En effet, si la stratégie de déstabilisation de la région du Sahel par AQMI (Al Quaida au Maghreb Islamique- ex GSPC- Groupe Salafiste pour la Prédication et le Combat) est avérée, il n’en demeure pas moins que l’éclat de leurs actions (rapts d’occidentaux, attaques des intérêts au Sahel des multinationales) profite aussi à l’impérialisme. La parfaite réussite de ces opérations d’AQMI prouve par ailleurs une certaine complaisance locale, y compris celle des gouvernements locaux, souvent corrompus par les multinationales et se souciant peu du sort des populations locales qui elles, subissent violemment le racket organisé des ressources qui leur appartiennent. « Le fait est que bien des multinationales occidentales qui opèrent en Afrique sont insensibles au sort des populations.
Mais si AQMI et autres parviennent à harceler et à narguer une multinationale comme Areva, c’est que le terrain y est propice : ils bénéficient de complicités au sein des populations livrées à elles-mêmes. » [2].
Le sahel, une zone à hauts risques Mali, Mauritanie, Niger, les attaques contre les intérêts de la France n’épargnent aucun pays du Sahel.
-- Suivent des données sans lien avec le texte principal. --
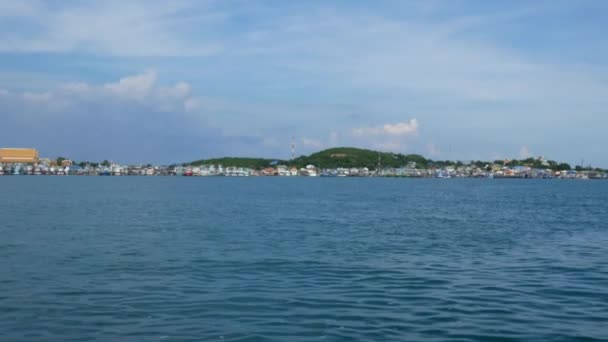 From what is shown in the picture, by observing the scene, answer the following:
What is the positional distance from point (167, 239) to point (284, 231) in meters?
7.57

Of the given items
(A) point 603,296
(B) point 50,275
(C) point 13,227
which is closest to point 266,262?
(B) point 50,275

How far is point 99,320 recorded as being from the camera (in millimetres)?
15617

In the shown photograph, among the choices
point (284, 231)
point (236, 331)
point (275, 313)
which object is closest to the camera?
point (236, 331)

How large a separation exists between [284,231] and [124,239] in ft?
31.3

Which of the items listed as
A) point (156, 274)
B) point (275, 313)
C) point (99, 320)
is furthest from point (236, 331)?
point (156, 274)

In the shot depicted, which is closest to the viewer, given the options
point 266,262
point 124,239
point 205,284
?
point 205,284

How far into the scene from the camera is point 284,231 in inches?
1495

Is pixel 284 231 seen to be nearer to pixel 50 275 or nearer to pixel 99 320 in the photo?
pixel 50 275

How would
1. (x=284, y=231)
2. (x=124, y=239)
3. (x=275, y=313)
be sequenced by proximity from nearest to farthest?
(x=275, y=313) → (x=124, y=239) → (x=284, y=231)

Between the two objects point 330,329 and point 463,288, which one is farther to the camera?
point 463,288

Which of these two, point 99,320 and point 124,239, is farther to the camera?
point 124,239

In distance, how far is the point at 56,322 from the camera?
15.5m

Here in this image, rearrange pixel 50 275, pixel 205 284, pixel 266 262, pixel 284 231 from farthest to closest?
1. pixel 284 231
2. pixel 266 262
3. pixel 50 275
4. pixel 205 284

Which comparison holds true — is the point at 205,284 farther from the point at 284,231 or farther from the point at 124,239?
the point at 284,231
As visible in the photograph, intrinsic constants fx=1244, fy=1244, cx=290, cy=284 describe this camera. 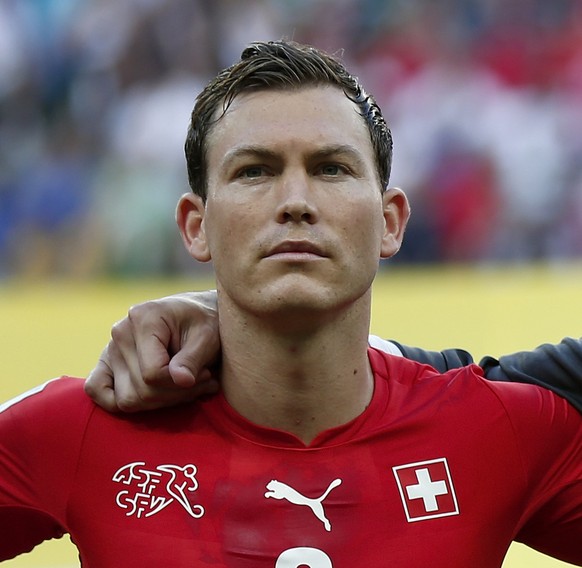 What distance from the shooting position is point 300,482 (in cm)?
253

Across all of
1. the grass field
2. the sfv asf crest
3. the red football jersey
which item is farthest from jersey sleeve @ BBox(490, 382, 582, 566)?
the grass field

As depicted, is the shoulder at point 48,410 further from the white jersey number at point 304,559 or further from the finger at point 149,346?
the white jersey number at point 304,559

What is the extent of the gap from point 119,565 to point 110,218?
4.60 meters

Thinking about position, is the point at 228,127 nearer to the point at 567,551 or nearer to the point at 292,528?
the point at 292,528

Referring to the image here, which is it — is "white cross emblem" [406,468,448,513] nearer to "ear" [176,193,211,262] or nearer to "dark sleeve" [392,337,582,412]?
"dark sleeve" [392,337,582,412]

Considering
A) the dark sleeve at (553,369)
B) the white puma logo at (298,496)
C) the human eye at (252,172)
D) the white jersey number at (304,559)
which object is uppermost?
the human eye at (252,172)

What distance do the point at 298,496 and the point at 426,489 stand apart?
0.26m

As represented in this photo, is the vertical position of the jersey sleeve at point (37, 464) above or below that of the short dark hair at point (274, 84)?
below

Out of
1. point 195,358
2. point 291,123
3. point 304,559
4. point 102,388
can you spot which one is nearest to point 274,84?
point 291,123

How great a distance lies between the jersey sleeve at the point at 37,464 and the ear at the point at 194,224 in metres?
0.41

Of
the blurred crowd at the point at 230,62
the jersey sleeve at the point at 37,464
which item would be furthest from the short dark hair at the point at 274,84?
the blurred crowd at the point at 230,62

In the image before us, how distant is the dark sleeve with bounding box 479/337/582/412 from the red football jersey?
1.5 inches

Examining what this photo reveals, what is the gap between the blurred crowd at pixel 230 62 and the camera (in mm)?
6930

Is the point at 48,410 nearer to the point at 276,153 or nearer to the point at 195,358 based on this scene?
the point at 195,358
Au Niger par exemple, il semble que ce soient les difficultés économiques qui poussent les rebelles touaregs vers AQMI car les revenus de l’uranium (exploitées par AREVA) ne profitent pas du tout aux populations locales. De plus, la compagnie française néglige les questions environnementales selon Seidik Abba ( journaliste nigérien) qui pense que l’adhésion des touaregs à AQMI n’est pas idéologique mais stratégique car dans la région d’Arlit (où se situent les gisements d’uranium) par exemple , la défiance vis-à-vis d’AREVA s’est récemment accrue [3].
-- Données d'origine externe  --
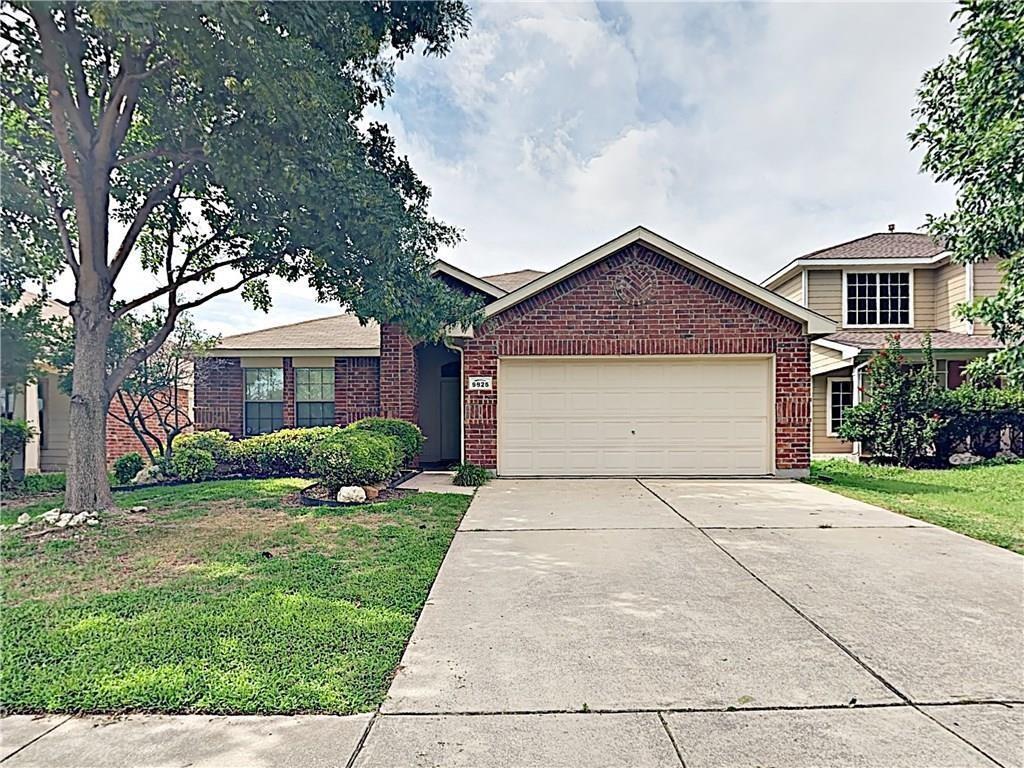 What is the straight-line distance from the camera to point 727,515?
8156 mm

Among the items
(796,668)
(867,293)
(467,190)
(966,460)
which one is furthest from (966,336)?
(796,668)

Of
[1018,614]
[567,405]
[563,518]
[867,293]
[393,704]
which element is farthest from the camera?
[867,293]

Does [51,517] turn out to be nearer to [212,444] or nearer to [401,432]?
[212,444]

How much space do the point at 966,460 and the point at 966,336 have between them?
3595 millimetres

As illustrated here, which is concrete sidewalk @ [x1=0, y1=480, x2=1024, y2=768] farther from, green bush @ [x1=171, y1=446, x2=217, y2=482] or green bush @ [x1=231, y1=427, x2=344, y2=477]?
green bush @ [x1=171, y1=446, x2=217, y2=482]

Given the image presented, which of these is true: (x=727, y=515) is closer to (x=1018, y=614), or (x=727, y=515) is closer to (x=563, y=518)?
(x=563, y=518)

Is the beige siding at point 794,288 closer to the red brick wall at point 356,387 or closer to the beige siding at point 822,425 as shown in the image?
the beige siding at point 822,425

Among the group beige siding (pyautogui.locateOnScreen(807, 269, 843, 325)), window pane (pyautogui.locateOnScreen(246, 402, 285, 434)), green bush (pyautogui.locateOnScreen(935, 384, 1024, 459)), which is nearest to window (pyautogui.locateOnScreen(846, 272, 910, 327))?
beige siding (pyautogui.locateOnScreen(807, 269, 843, 325))

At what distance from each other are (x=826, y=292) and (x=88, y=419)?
1672 cm

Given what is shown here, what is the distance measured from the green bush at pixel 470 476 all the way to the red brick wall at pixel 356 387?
3387 millimetres

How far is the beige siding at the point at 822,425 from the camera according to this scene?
1647 cm

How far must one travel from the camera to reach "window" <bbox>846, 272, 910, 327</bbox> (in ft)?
55.1

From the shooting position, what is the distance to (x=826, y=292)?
55.2 ft

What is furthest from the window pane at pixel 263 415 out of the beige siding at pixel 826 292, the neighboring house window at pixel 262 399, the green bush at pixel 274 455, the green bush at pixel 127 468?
the beige siding at pixel 826 292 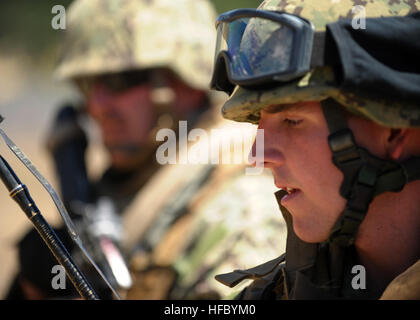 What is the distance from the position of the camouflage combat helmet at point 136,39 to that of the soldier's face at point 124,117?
154 mm

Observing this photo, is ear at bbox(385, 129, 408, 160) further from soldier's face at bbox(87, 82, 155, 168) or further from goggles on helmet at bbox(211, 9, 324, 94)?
soldier's face at bbox(87, 82, 155, 168)

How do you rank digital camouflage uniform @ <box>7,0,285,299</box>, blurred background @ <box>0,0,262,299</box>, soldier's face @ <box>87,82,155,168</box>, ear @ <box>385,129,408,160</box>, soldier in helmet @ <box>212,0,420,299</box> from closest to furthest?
1. soldier in helmet @ <box>212,0,420,299</box>
2. ear @ <box>385,129,408,160</box>
3. digital camouflage uniform @ <box>7,0,285,299</box>
4. soldier's face @ <box>87,82,155,168</box>
5. blurred background @ <box>0,0,262,299</box>

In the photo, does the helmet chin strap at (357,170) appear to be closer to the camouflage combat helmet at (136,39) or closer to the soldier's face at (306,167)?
the soldier's face at (306,167)

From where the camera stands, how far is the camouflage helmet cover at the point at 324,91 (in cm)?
196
A qui profite donc le crime ? Certainement pas seulement à AQMI qui récolte certes beaucoup d’argent grâce aux rançons tout en se faisant une publicité quasi gratuite à travers les médias occidentaux mais aussi aux victimes de l’impérialisme qui, en récupérant une partie de ces revenus, ont l’impression que ce n’est que justice. La France, implantée de longue date dans la région, peut avoir quelques intérêts dans cette déstabilisation du sahel d’abord parce qu’elle n’incite pas les autres multinationales impérialistes (Chine, Etats Unis…) à s’y implanter mais aussi parce qu’elle justifie une présence militaire française dans la zone, souvent sur appel des gouvernements locaux. Les contradictions de la politique française au Sahel se révèlent au grand jour et la stratégie de Sarkozy « le cow boy du Sahel » n’est pas du tout payant. L’intervention musclée pour libérer Michel Germaneau a conduit à la mort de ce dernier, exécuté par le groupe islamiste en représailles. Les touaregs, persécutés au Mali et dans bien d’autres pays du Sahel, sont les principaux boucs émissaires alors que la misère seule les pousse (et pas tous d’ailleurs) vers AQMI. Les gouvernements maliens et nigériens peuvent à leur tour justifier de façon légitime la violence d’État qu’ils font subir aux touaregs.
AQMI, c’est quelques centaines de personnes (entre 80 et 200) qui réussissent à déstabiliser toute une région, celle du Sahel, la transformant en quasi « zone de non droit ». Mais il faut rajouter à ce nombre les non djihadistes, attirés surtout par l’appât du gain facile et revendant leurs otages à l’organisation islamiste. Le ministère français des affaires étrangères estimait leur nombre en juillet 2010 entre 450 et 500. Pas très valorisant pour tous ces États africains indépendants, obligés aujourd’hui de faire appel à la France pour lutter contre quelques centaines de djihadistes. La coopération militaire entre le Mali, le Niger et la France, se trouve renforcée et la présence militaire française dans la région accrue. L’impérialisme a plus d’un tour dans son sac pour continuer à exploiter encore et toujours les pays pauvres.
L’Union africaine doit prendre le problème d’AQMI à bras le corps et se charger de le régler. C’est uniquement de cette façon qu’elle pourra éviter une déstabilisation de la sous région du Sahel et empêcher la réimplantation légitime de l’impérialisme français dans cette zone qui semble lui appartenir comme un dû.